Status: Bill C-4 is in its second reading before the House of Commons.
 
After 500 Tamils arrived on the shores of B.C. in the MV Sun Sea in 2010 – having fled a brutal civil war in Sri Lanka – the Conservative government ratcheted up their rhetoric around human smuggling and “queue-jumping” illegals.
 
It's been in the works for several years and through several Parliaments – but now the Conservatives have an unstoppable majority, they are sure to pass their immigration bill. Immigration, like crime, is one of the party's bread-and-butter issues and has particular appeal to their voter base.
 
Bill C-4 is ostensibly designed to target human traffickers – profiteering smugglers who capitalize off dangerously transporting human cargo.
 
But critics point to provisions in the law which impose indefinite detention for migrants arriving on Canada's shores, a policy torn from Australia's playbook. In the latter country, the government was forced to relocate its refugee detention centres outside its constitutional jurisdiction to the sovereign island nation of Nauru – where migrants protested by sewing their mouths shut behind barb-wire fences. Australia has more recently seen migrant detention protests on its own Christmas Island facility, which got worldwide attention.
 
Here's some of what's in the bill:
 

  • Section 20: The Minister of Immigration may deem a migrant “irregular” if he or she is of the opinion that their arrival is profiting a criminal organization or terrorist group, or if the minister believes identifying the migrants or other investigations would take too long. The wording of the minister's “opinion” and “reasonable grounds to suspect” are particularly troubling to critics.

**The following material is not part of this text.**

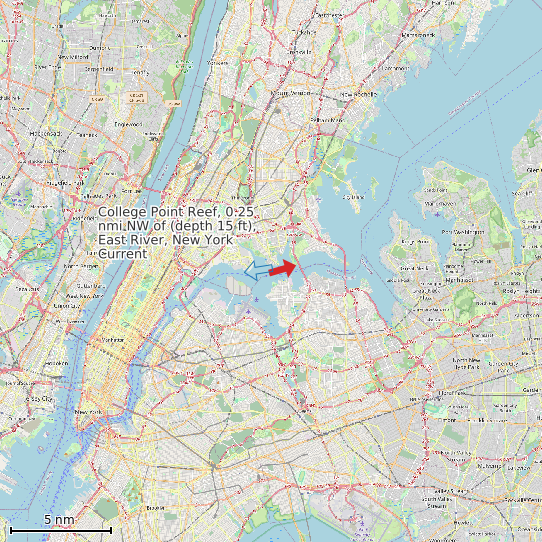 Map of College Point Reef, 0.25 nmi NW of (depth 15 ft), East River, New York Current Prediction Station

  • Section 55: Once deemed “irregular,” immigration officers may arrest and detain the foreign national without warrant.
  • Section 57: “Irregular” foreign nationals – unless they successfully qualify for refugee protection or are ordered released by the Minister of Immigration – are to be imprisoned indefinitely. The bill mandates an Immigration Division review of their detention no earlier than one year after their detention, and every six months afterwards.

Migrant justice organization No One Is Illegal (NOII) has slammed the bill for its detention clauses, and argues that outlawing human smuggling ignores the reasons migrants choose to pay for transport to safer countries.
 
“Many refugees have no choice but to use irregular means, including resorting to smugglers, to flee persecution,” NOII wrote in a statement. “Under the banner of combating human smuggling and deterring the arrival of boats such as the MV Sun Sea, this is a bill that blatantly criminalizes refugees and targets them for imprisonment and/or deportation.
 
“By today’s standards, Harriet Tubman’s Underground Railroad would have been considered a human smuggling operation.”
 
But immigration minister Jason Kenney responded with a National Post editorial, saying that critics have taken the bill out of context.
 
“Unfortunately, this bill has been widely misunderstood and even misrepresented by special interest groups, and by the opposition,” he wrote. “Taken out of context, 'detention' may sound harsh for the legitimate refugees who may be among the illegal arrivals.
 
“But we believe that humane and temporary detention, which will last up to a year or until a refugee’s claim can be verified, is the only reasonable and responsible approach to the broader problem of human smuggling... It also means the violent criminals and terrorists we know will be among the same group of arrivals will not be released into Canadian communities.”
 
However, The Vancouver Observer was unable to find minister Kenney's alleged one-year maximum detention clause in Bill C-4. In fact, Section 57's stipulations of 6-month reviews after the expiry of one year in detention suggest indefinite detention for asylum-seekers – as practiced in Australia – may, in fact, be on the books.